__TASK DETAILS__:
Nothing but the lines from the one showing "Water Cooled Spindle" through the final line of the data below belongs in the answer, duplicated exactly and without pictures.

__THE DATA__:

□ □ □ □ □

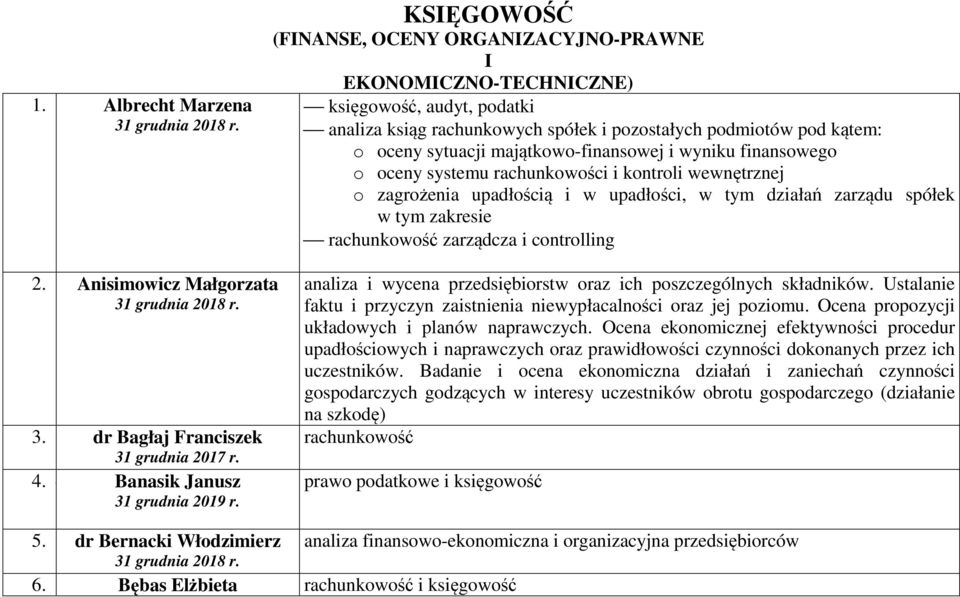 zarządcza i controlling 2. 2 Anisimowicz Małgorzata 3. 3 dr Bagłaj Franciszek 4. 4 Banasik Janusz analiza i wycena przedsiębiorstw oraz ich poszczególnych składników.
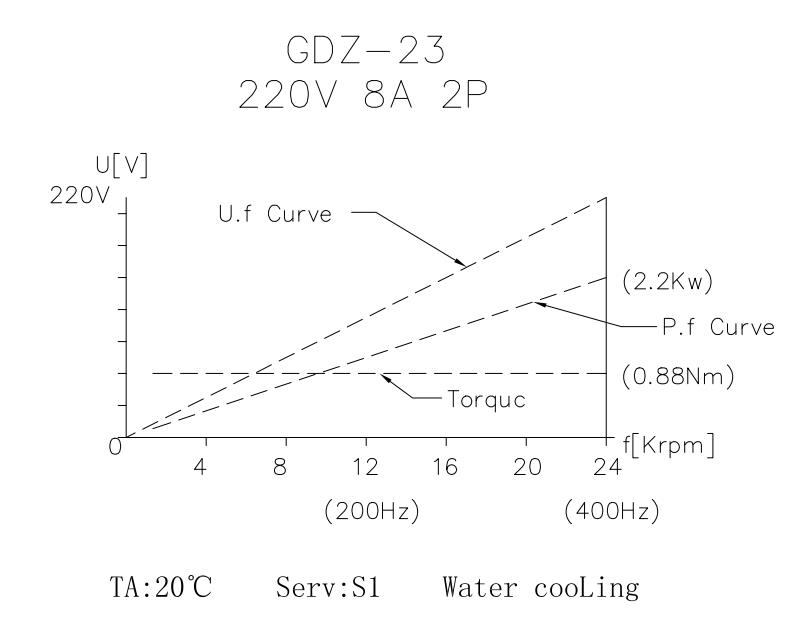 Water Cooled Spindle - 2.2kw su soğutmalı spindle motor GDZ-80-2.2B
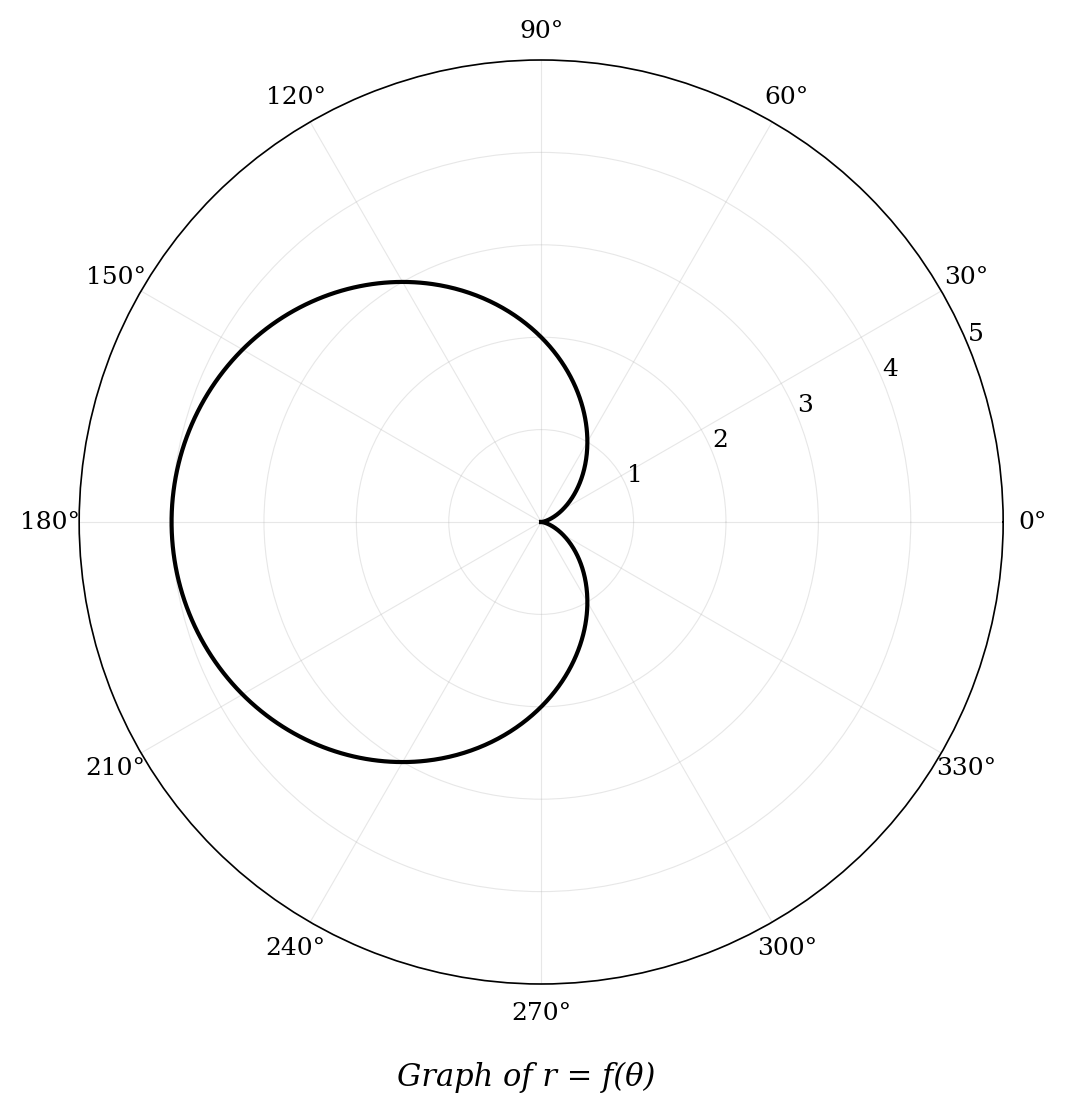 A polar graph of a cardioid. It has a cusp at the origin on the right side and extends to a maximum radius of 4 on the left side along the negative x-axis.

□ □ □ □ □

__PROBLEM SOLUTION__:
 Water Cooled Spindle - 2.2kw su soğutmalı spindle motor GDZ-80-2.2B
 A polar graph of a cardioid. It has a cusp at the origin on the right side and extends to a maximum radius of 4 on the left side along the negative x-axis.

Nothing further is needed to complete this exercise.